Türkiye için maddi ve manevi çok büyük kayıplara neden olan ve tüm ülkemizi büyük yasa boğan 7.4 büyüklüğündeki 17 Ağustos 1999 Doğu Marmara depreminden bu yana tam yedi yıl geçmiş olmasına karşın Türkiye, depremlerle mücadele konusunda, bugüne dek, ne yazık ki bir arpa boyu bile yol alamamıştır.
17 Ağustos 1999 Doğu Marmara depremi, toplumumuzda açtığı büyük sosyal, psikolojik ve ekonomik yaraların yanı sıra Türkiye'nin, özelde deprem, genelde doğal afetler politikasına ilişkin önemli bazı gerçeklerin de su yüzüne çıkmasına neden olmuştur. En önemlisi, başta devletin ilgili kurumları olmak üzere tüm toplumun, depremlerle mücadele konusunda ne kadar bilgisiz, bilinçsiz ve hazırlıksız olduğu gerçeğidir.
Bunun doğal bir sonucu olarak, söz konusu depremin bilançosu 30 bin ölü, 25 bin yaralı ve yıkılan 5 bin konut olmuştur. Deprem sonrasında oluşan işgücü kaybı, bölgeye yapılan yatırımların azalması ve diğer dolaylı kayıplar birlikte değerlendirildiğinde ise, Türkiye'nin bu deprem nedeniyle uğradığı ekonomik kayıp, 40 milyar doları bulmuştur.
Türkiye'nin bu deprem sonrasındaki tek kazancı, toplumun deprem konusunda, o güne kadar olduğundan çok daha fazla bilgilenmiş ve bilinçlenmiş olmasıdır. Ancak toplum, bu kazancına ve depremlerle mücadele konusundaki özverili yaklaşımına devletten yeterli desteği ve katkıyı, ne yazık ki, görememiştir.

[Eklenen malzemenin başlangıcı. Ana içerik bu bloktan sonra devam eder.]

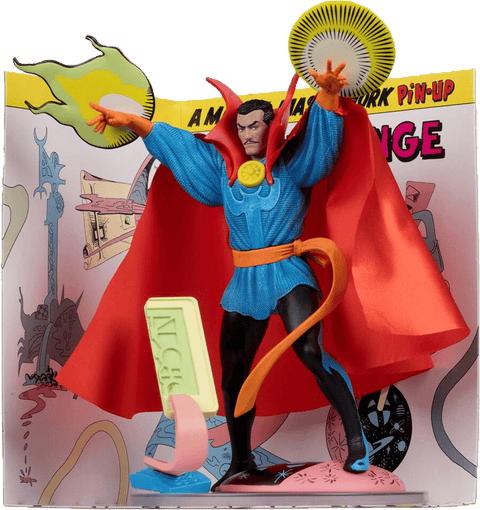 Marvel Collection PVC Statue 1/10 Doctor Strange (Strange Tales #128) 20 cm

Bayındırlık ve İskân Bakanlığı'nın, çeşitli kamu kurum ve kuruluşları, üniversiteler, meslek odaları, sivil toplum kuruluşları ve özel sektör temsilcilerinin katılımı ile, 2004 yılında İstanbul'da topladığı Türkiye Cumhuriyeti tarihinin ilk ve tek deprem şûrası, bu konuda bir umut ışığı olmuş; ancak, büyük emek ve paralar harcanarak oluşturulan bu büyük organizasyon sonunda, da yine 'dağ fare doğurmuştur' . Çünkü, bu tür şûra toplantıları sonunda, hükümete ya da ilgili bakanlığa sunulmak üzere bazı somut kararların alınması gerekirken, şûranın hiçbir oturumunda hiçbir karar oluşturulamamıştır.
Yalnızca toplantı sonunda, kim ya da kimler tarafından kaleme alındığı bilinmeyen, ancak Divan Başkanlığı'nca hazırlandığı sanılan bir 'Şûra Sonuç Bildirgesi' bizzat Bayındırlık ve İskân Bakanı tarafından, bir basın toplantısıyla, kamuoyuna sunulmuştur. Dolayısıyla bu sonuç bildirgesine şûra delegelerinin doğrudan bir katkısı olmamıştır. Ayrıca, söz konusu şûra toplantısından bu yana da tam üç yıl geçmiş olmasına karşın hükümet, depremlerle mücadele konusunda Şûra Sonuç Bildirgesi'nde dile getirdiği ve hemen uygulamaya koyacağına dair söz verdiği kararların hiçbirini, bugüne dek, uygulayamamıştır.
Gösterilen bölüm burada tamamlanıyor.